46th Mayor of Buffalo
- In office 1910–1917
- Preceded by: James N. Adam
- Succeeded by: George S. Buck

Personal details
- Born: November 7, 1868 Buffalo, New York
- Died: February 23, 1931 (aged 62) Buffalo, New York
- Party: Democratic
- Spouse: Alice S. Meald
- Children: three children

= Louis P. Fuhrmann =

American politician

Louis P. Fuhrmann (1868–1931) was Mayor of Buffalo, New York, from 1910 to 1917. Born in Buffalo on November 7, 1868, he grew up on the city's east side, graduated from Central High School, and began working in the meat packing industry. In 1892, he started his own meat-packing business at 1010 Clinton Street. He married Alice S. Meald on July 13, 1900.

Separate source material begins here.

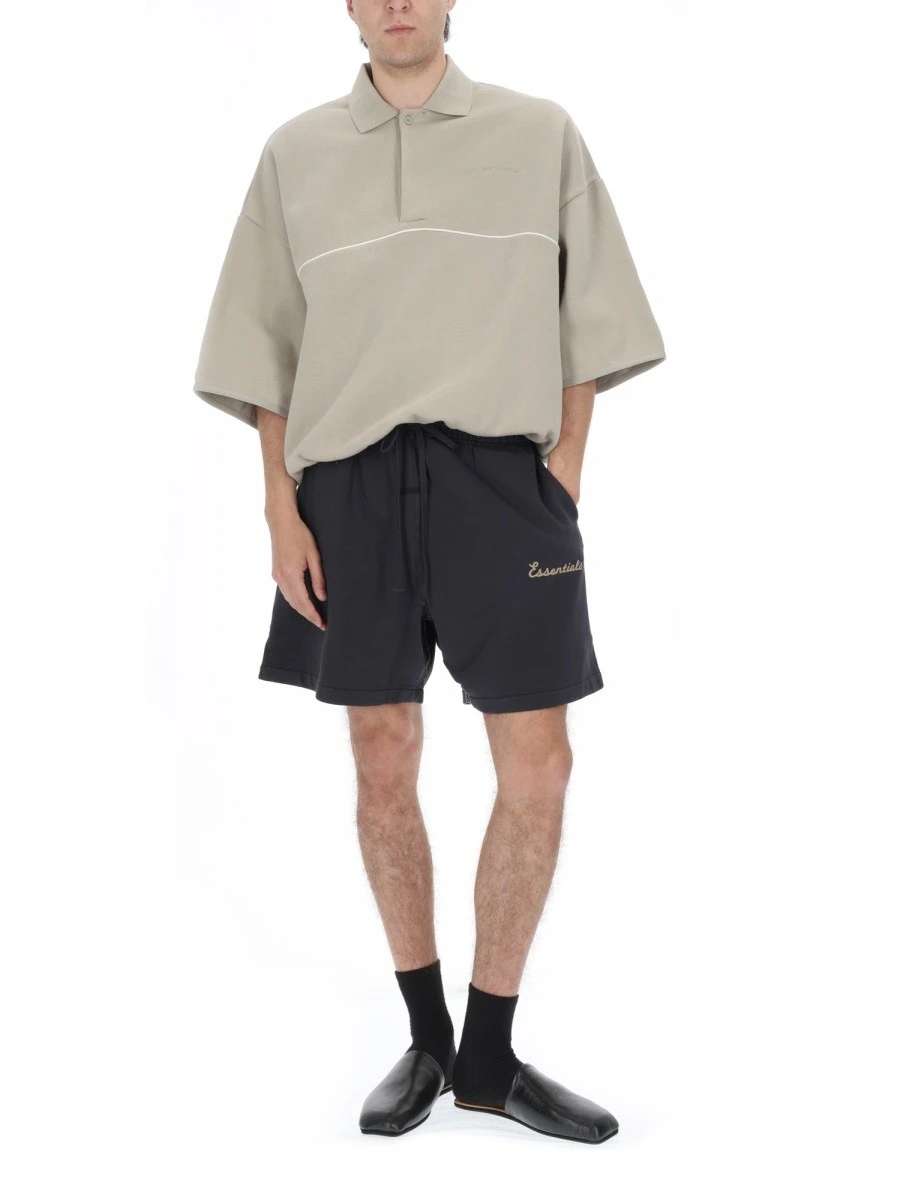 FELPA POLO "ACTIVE TRACE".webp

In 1905, Fuhrmann was first elected a member of the Board of Aldermen from the Fifth Ward. He was elected on November 2, 1909, as the Democratic candidate. Fuhrmann narrowly defeated Councilman Jacob Siegrist 35,384 to 34,145. The race was so narrow that the 6 P.M. edition of the Buffalo Evening News called the race for Siegrist, before correcting it in the "EXTRA" edition.

In 1913, Fuhrmann was narrowly renominated as the Democratic candidate. Mayor Fuhrmann lost the endorsement of the Democratic Party, who selected Black Rock maltster George J. Meyer. Mayor Fuhrmann went on to defeat him in the September 16th primary.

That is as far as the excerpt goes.